┌────────

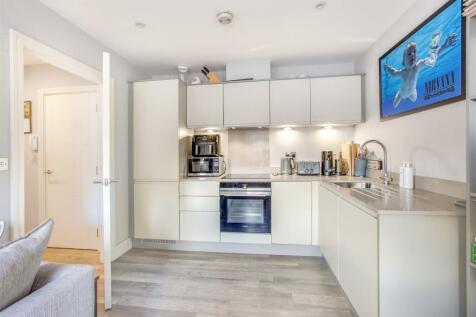 Prospect House, The Broadway, Farnham... 1 bed apartment for sale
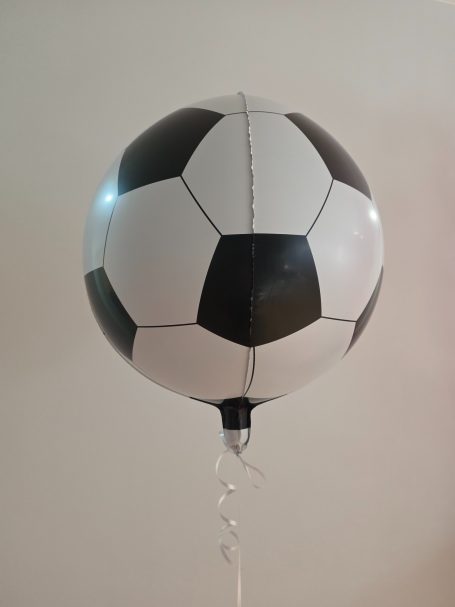 Luftballon in Form eines Fußballs mit schwarz-weißen Panels.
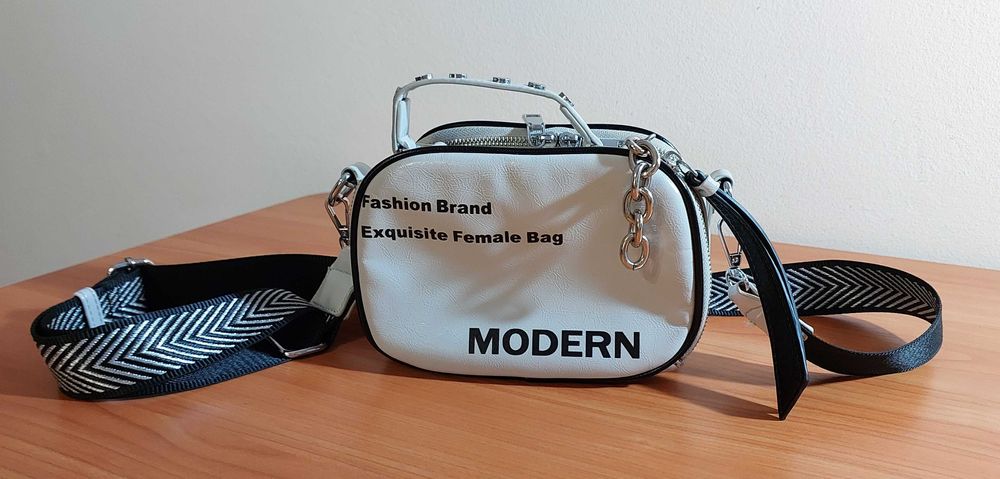 Geanta gri deschis, din piele ecologica, cu detalii metalice argintii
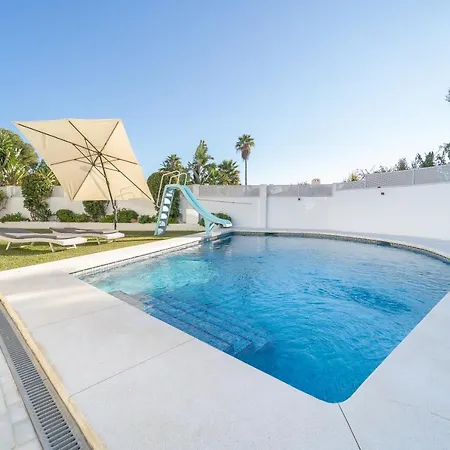 Encantadora Junto A La Playa En Monteros Con Seguridad 24 Villa *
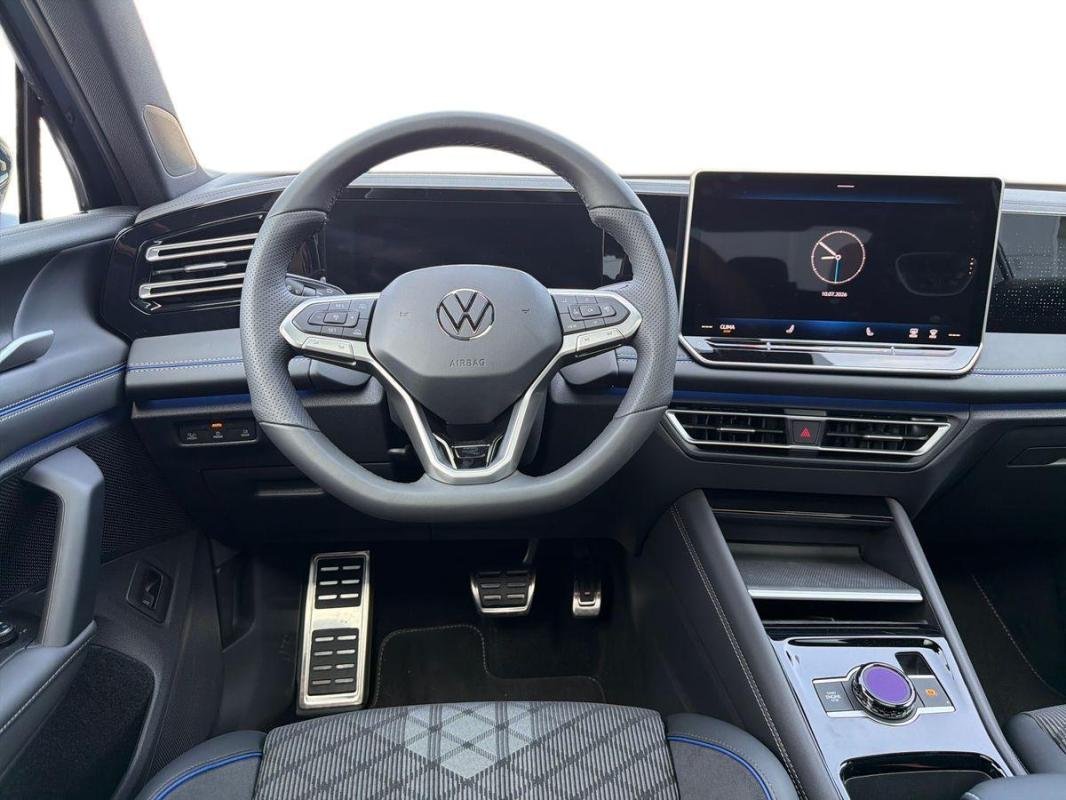 Volkswagen Tiguan - Photo 24
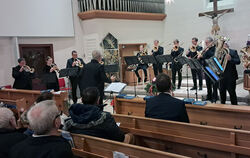 Der Schwäbische Posaunendienst musizierte anlässlich des 100-jährigen Bestehens des Posaunenchors Undingen.  FOTO: LEIPPERT  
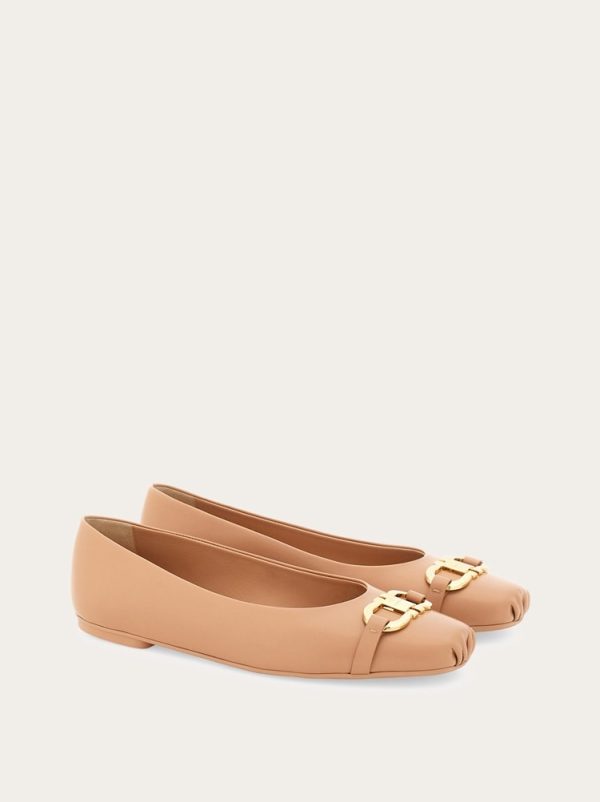 Ballet flat with Gancini ornament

└────────

## WORK INSTRUCTION
Starting from the line containing "Der Schwäbische Posaunendienst", repeat each line exactly through the end of the entries, including the last, while leaving pictures out.

## RESPONSE TO THIS TASK
 Der Schwäbische Posaunendienst musizierte anlässlich des 100-jährigen Bestehens des Posaunenchors Undingen.  FOTO: LEIPPERT  
 Ballet flat with Gancini ornament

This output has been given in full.